Why Buyers Search for Nimonic 263 Equivalent

Buyers often search for Nimonic 263 equivalent because different drawings, countries, and suppliers may use different names for the same or closely related material. One drawing may call for Nimonic 263, another may specify UNS N07263, another may list W.Nr. 2.4650, and an aerospace purchase order may require AMS 5872 or AMS 5886. Understanding these equivalents helps avoid material mismatch during procurement.

Nimonic 263 Equivalent Grades Overview

The most important Nimonic 263 equivalents are designation equivalents, not always performance substitutes. In other words, UNS N07263, W.Nr. 2.4650, Alloy C-263, and NiCo20Cr20MoTi refer to the same alloy family. Materials such as Nimonic 80A, Inconel 718, and Waspaloy are not direct equivalents; they are alternative high-temperature alloys that may be considered only after engineering review.

Important Note About “Equivalent”

For procurement, “equivalent” must be understood carefully. A designation equivalent means the same alloy is identified under another naming system. A substitute alloy means another material may perform similarly in some conditions but is not automatically interchangeable. For critical components, the required standard and customer approval should always control the final material choice.

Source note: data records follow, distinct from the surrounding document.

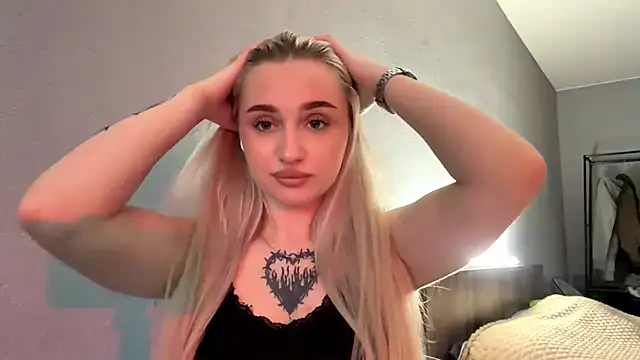 TiffanieSluyter online show from 05/19/26, 03:40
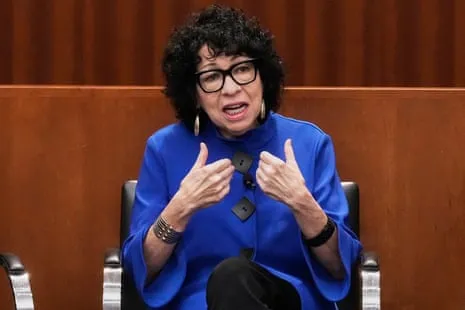 Supreme Court Justice Raises Concerns Over Whether US Citizens Understand the Distinction Between Leaders and Monarchs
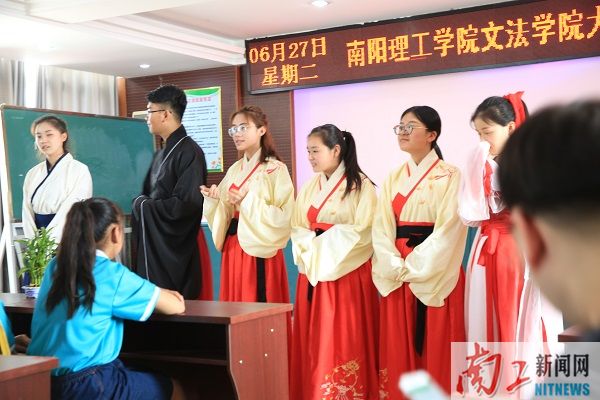 2017-07-01_074008_987054.jpg 传统文化进课堂.JPG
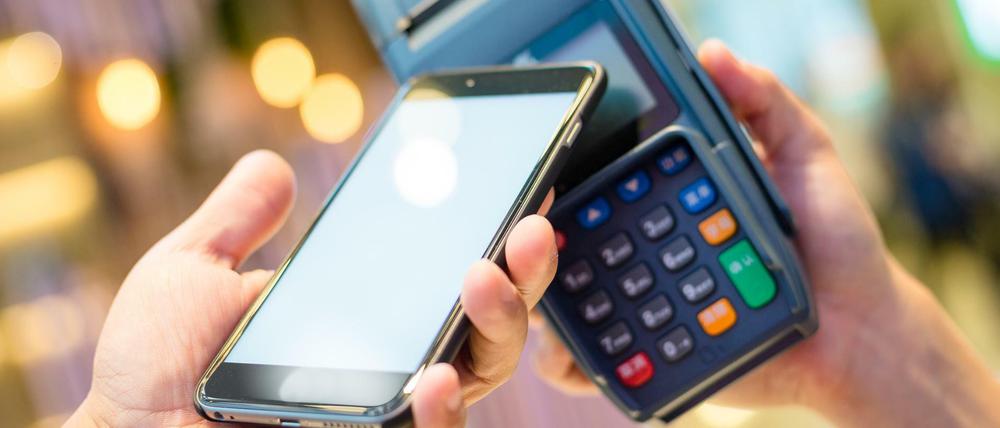 Auch das Kassenpersonal kennt sich zum Teil noch nicht mit dem mobilen Bezahlen aus.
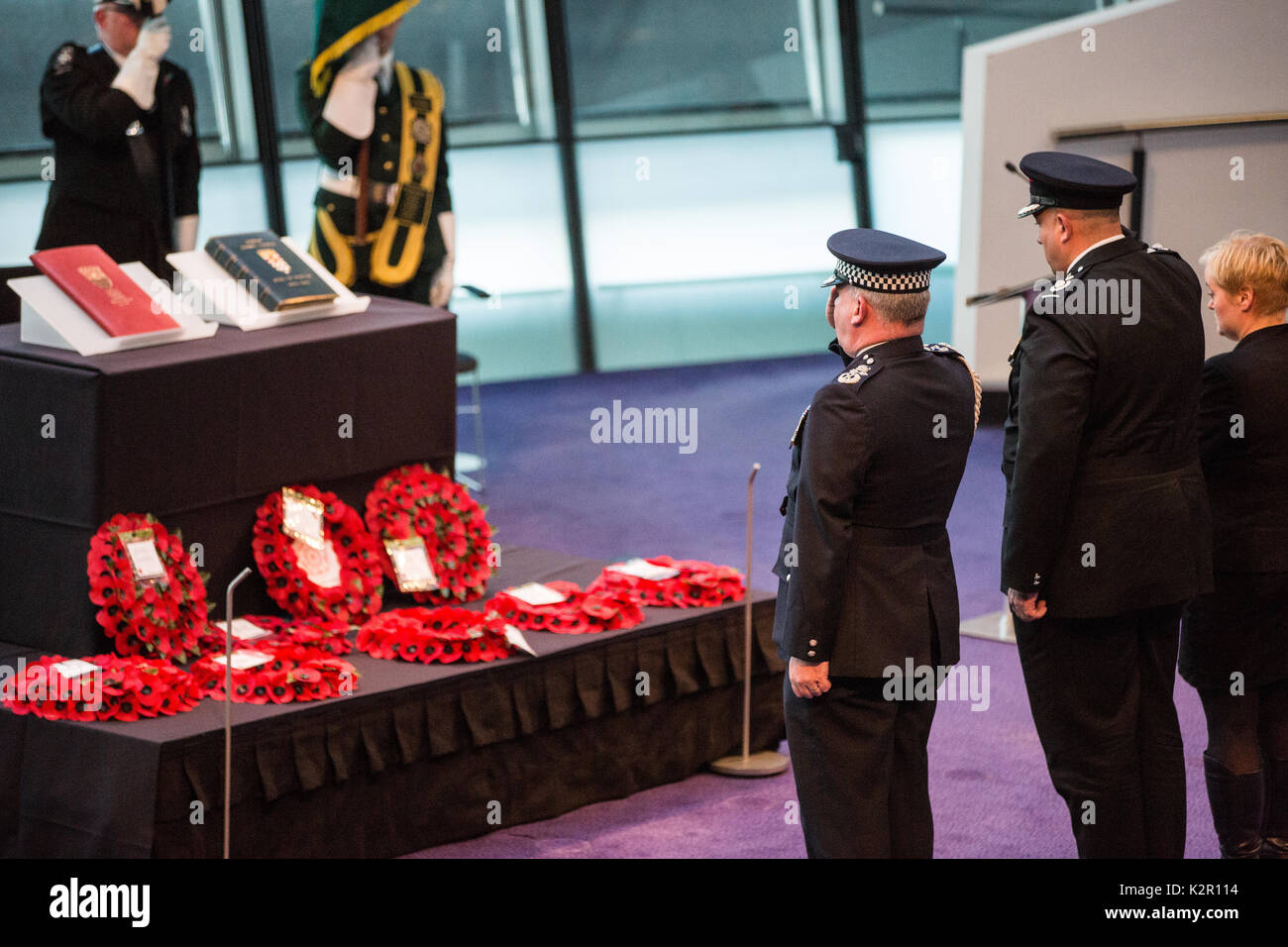 Londra, Regno Unito. Decimo nov, 2017. craig mackey, Metropolitan Police vice commissario, stabilisce una corona al servizio annuale di ricordo, frequentato da sadiq khan, sindaco di Londra, Jennette Arnold obe am, presidente del gruppo di Londra, i membri del parlamento, il London assembly membri, Greater London Authority personale e rappresentanti di governo di Londra e il servizio pubblico alle organizzazioni e ai membri delle forze armate, per ricordare coloro che hanno servito e hanno perso la vita nelle due guerre mondiali e altri conflitti. Credito: mark kerrison/alamy live news Foto Stock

Nimonic 263 UNS N07263 Equivalent

UNS N07263 is the Unified Numbering System designation for Nimonic 263. When a drawing or purchase order states UNS N07263, the buyer is generally referring to the same nickel-cobalt-chromium-molybdenum alloy family as Nimonic 263 or Alloy C-263.

Why UNS N07263 Matters

The UNS number is useful because trade names can vary between suppliers. One supplier may write Nimonic 263, another may write Alloy C-263, and another may use Nicrofer 5120 CoTi. The UNS number helps identify the alloy more clearly in international trade and engineering documents.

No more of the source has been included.